Online fashion shopping began to take off on a large scale.

Gentz ​​predicted that the trend will remain intact for a long time: "There will be no relapse to the level from the pre-Corona period." His long-term outlook was correspondingly ambitious.

The gross goods volume of Zalando should increase to more than 30 billion euros by 2025 with the increasing share of platform partners - almost three times the value of last year.

Gentz ​​spoke of an "immense growth opportunity" and justified this with the fact that Zalando had developed into the primary search platform for fashion on the Internet.

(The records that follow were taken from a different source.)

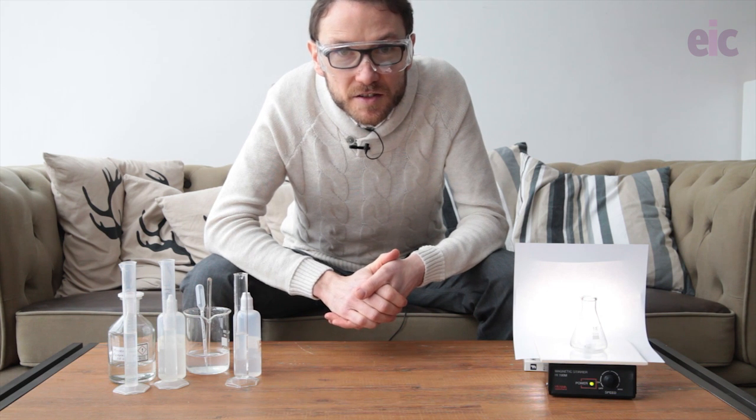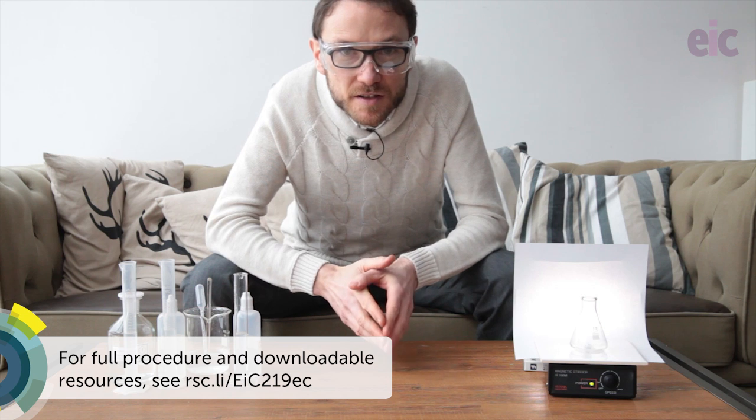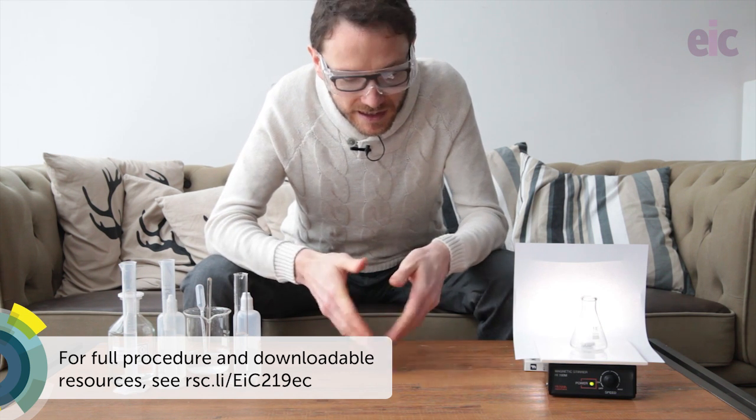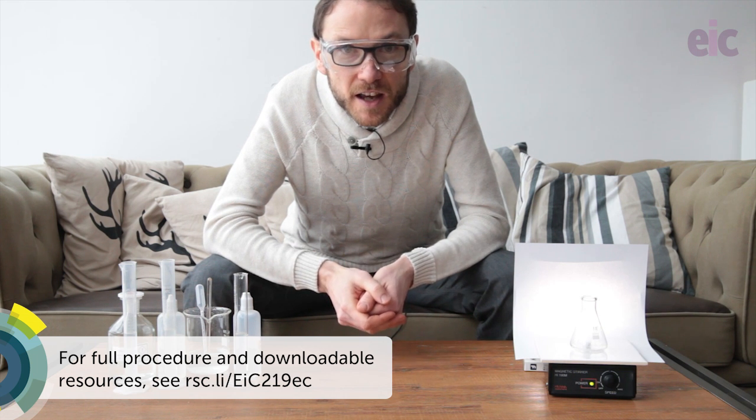The final solution has some malonic acid. The full ingredients for all of the solutions are available in the links below on the EIC website, along with all of the safety information.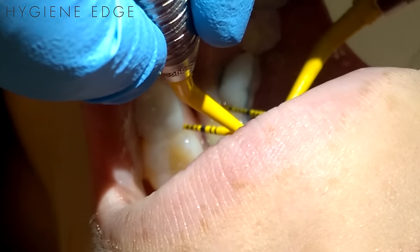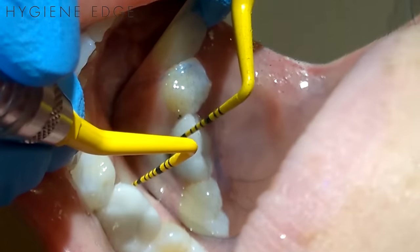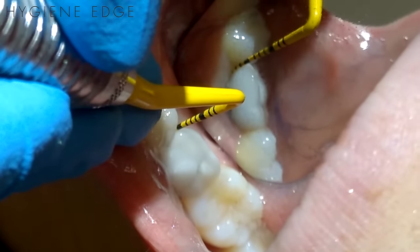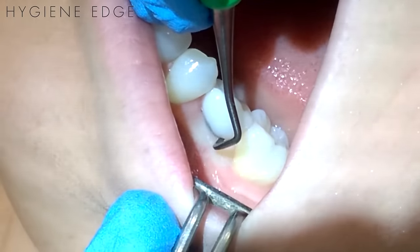When scaling an implant, you must choose an instrument that won't scratch it. Plastic scalers used to be all that was available, but gratefully technology has progressed, and now we have instruments that can actually remove calculus, such as this 204S from American Eagle Instruments, which is made specifically for scaling implants.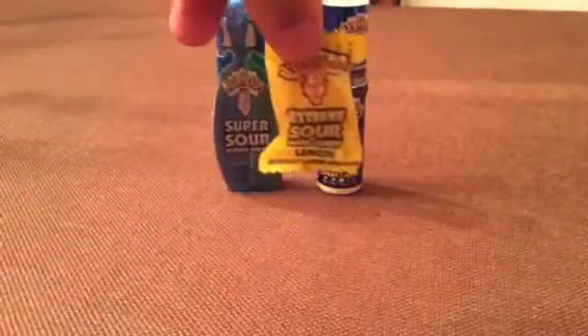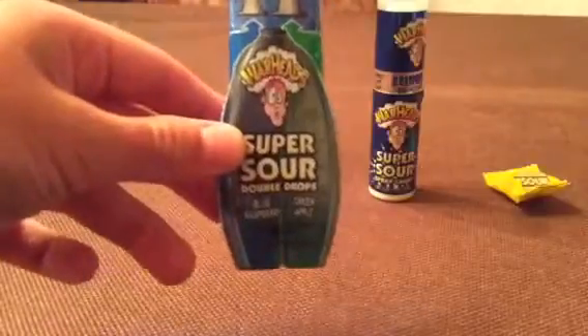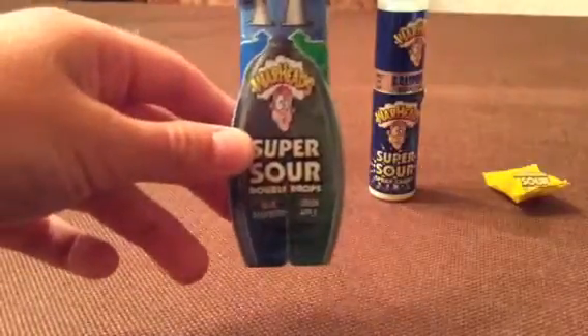Hello guys, today I'm going to do a Warhead Challenge. What I'm going to do, I'm going to take a lemon Warhead, the sourest of the sour, and with that, put two sprays of this Blue Raspberry Warhead Super Sour Spray Candy, and then put a drop of this Warhead Super Sour Double Drop — one drop of Blue Raspberry, and another green apple.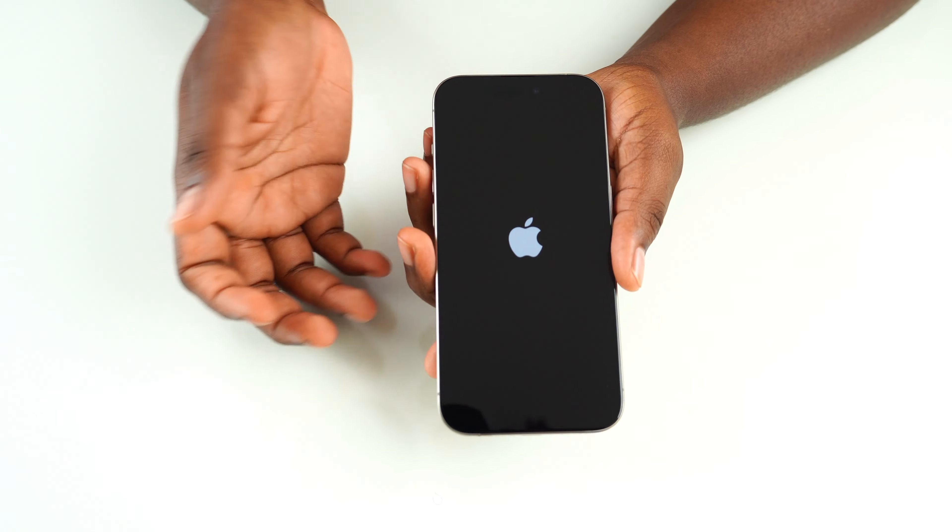It comes with a stronger charger than previous phones, there's an action button that you can customize, and no space for a SIM card.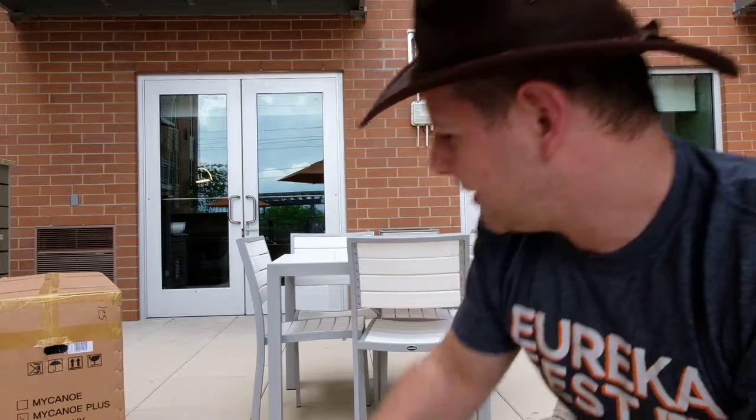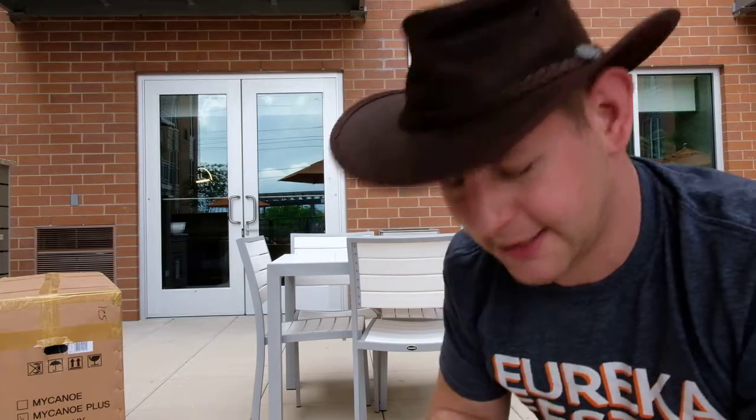What's up YouTubers, this is Caravan Dan coming back at you with another new product being dropped right now. You ready for this? My Canoe Plus — this is the bigger one, this is the faster one.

According to the figures of the cookie evaluator Comscore, the Berlin-based site was called up 1.5 times as often for corresponding searches as that of the next-placed competitor H&M.

Inditex, Asos, Adidas and Nike are even further behind.

The use of Zalando as direct access for potential customers to the world of goods forms the core of future growth, according to Gentz.

Pages called up as product search engines, including Spotify for music or Booking.com for hotel bookings, would have unique advantages, including, above all, the full attention of customers who are ready to buy.

"And companies don't have to pay Facebook and Google for traffic to their pages," he added.

“People come directly because they know that their needs will be met here.” That is why a comprehensive range of services is essential.

Zalando's claim must insist that customers have the feeling that they can find every available size, color and cut on the platform.

Source: WORLD infographic

In the long term, the Berlin company is aiming for a market share of ten percent in the European fashion market with a volume of 450 billion euros.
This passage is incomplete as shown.